Note that the rstreams-metrics
module does not today have any dependencies on a
particular SDK version and can be used independently.
Summary
Developers will want to send custom metrics from their code to external systems. This is accomplished with
a new module named rstreams-metrics
. The goal is to create a library, provided by rstreams-metrics
,
that abstracts away an external telemetry system from one’s code. There are many different telemetry
providers including DataDog, New Relic, AWS Cloudwatch, etc. Since these are prone to change over time,
it’s important to not wed one’s code to a particular provider.
Today, the library supports DataDog and new factories can easily be created.
Installation
Simply add the NPM dependency to your project.
npm install rstreams-metrics
Metric Config
The developer needs to go get the config necessary to authenticate and communicate with a given provider. This should be done in such a way that this config can change without requiring the developer to change her code. There are many ways to solve this.

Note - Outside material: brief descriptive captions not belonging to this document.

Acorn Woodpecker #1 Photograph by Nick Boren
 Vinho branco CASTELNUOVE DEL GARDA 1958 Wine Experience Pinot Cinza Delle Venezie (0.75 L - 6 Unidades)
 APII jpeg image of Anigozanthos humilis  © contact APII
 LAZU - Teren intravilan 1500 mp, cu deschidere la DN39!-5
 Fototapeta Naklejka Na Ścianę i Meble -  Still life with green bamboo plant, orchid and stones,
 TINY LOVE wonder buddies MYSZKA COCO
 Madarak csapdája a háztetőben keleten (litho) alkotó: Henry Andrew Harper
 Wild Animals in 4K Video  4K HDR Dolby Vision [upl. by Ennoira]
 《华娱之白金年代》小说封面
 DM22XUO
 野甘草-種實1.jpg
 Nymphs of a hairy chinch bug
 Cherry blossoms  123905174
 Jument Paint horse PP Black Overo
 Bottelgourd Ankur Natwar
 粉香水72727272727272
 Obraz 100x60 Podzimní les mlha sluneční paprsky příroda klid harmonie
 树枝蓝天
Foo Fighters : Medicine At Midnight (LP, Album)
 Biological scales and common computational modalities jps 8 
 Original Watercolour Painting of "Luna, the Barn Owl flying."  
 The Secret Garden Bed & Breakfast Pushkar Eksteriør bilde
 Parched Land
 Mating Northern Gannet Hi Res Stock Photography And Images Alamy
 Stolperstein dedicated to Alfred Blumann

By convention, there should be an AWS Secret named GlobalRSFMetricConfigs
. Developers do not need to
know or care about what is inside this object they just need to know that it exists for them to use.
It will contain the config necessary to work with a specific
metric reporter. Today, rstreams-metrics
supports DataDog and this object will contain the
config necessary to connect with a given provider(s). Here is an example GlobalRSFMetricConfigs
that connects to DataDog.
{
"DataDog": {
"key": "abcdefghijklmnopqrstuvwxyz",
"site": "datadoghq.com"
}
}
Permissions
You will need to have permissions to access the GlobalRSFMetricConfigs
secret. Add a policy to the list
of policies for bots by adding the policy MetricsSecretAccess
seen below to the
Resources->BotRole->Properties->Policies
section of <project-root>/cloudformation/roles.yml
.
Resources:
BotRole:
Type: AWS::IAM::Role
Properties:
AssumeRolePolicyDocument:
Statement:
- Action:
- sts:AssumeRole
Effect: Allow
Principal:
AWS:
Fn::Sub: arn:aws:iam::${AWS::AccountId}:root
Service:
- lambda.amazonaws.com
Version: '2012-10-17'
ManagedPolicyArns:
- arn:aws:iam::aws:policy/service-role/AWSLambdaBasicExecutionRole\
Policies:
- PolicyName: MetricsSecretAccess
PolicyDocument:
Version: '2012-10-17'
Statement:
- Action: secretsmanager:GetSecretValue
Effect: Allow
Resource:
Fn::Sub: arn:aws:secretsmanager:${AWS::Region}:${AWS::AccountId}:secret:GlobalRSFMetricConfigs-*
Which will then generate the following in your cloud formation template when deploying:
{
"PolicyName":"MetricsSecretAccess",
"PolicyDocument":{
"Version":"2012-10-17",
"Statement":[
{
"Action":"secretsmanager:GetSecretValue",
"Effect":"Allow",
"Resource":{
"Fn::Sub":"arn:aws:secretsmanager:${AWS::Region}:${AWS::AccountId}:secret:GlobalRSFMetricConfigs-*"
}
}
]
}
}
Example
Here’s some sample code that will retrieve the GlobalRSFMetricConfigs
from Secrets Manager.
Note that it is recommended that this metric be replicated across more than one region to ensure high availability. Note that RStreams Flow will be tricked out shortly to retrieve this secret at build time using config.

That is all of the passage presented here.